_PROBLEM DESCRIPTION_. Transcribe this listing exactly; omit the pictures.

_STORED DATA_.
#####

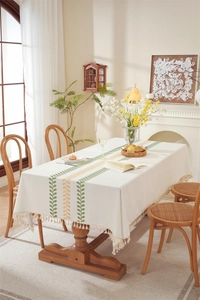 Detail of embroidered green and orange coffee leaves and fringe on beige linen tablecloth
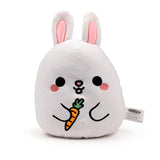 Front view of a white rabbit plush toy with large black eyes, pink cheeks, and floppy ears, holding an embroidered orange carrot.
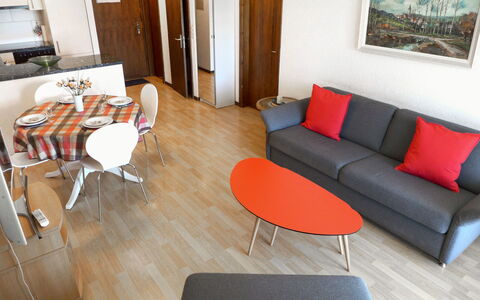 Crans-Montana 290: Table, Furniture, Comfort, Picture Frame, Wood, Living Room, Orange, Door, Flooring, Interior Design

#####

_SOLUTION TO THIS TASK_.
 Detail of embroidered green and orange coffee leaves and fringe on beige linen tablecloth
 Front view of a white rabbit plush toy with large black eyes, pink cheeks, and floppy ears, holding an embroidered orange carrot.
 Crans-Montana 290: Table, Furniture, Comfort, Picture Frame, Wood, Living Room, Orange, Door, Flooring, Interior Design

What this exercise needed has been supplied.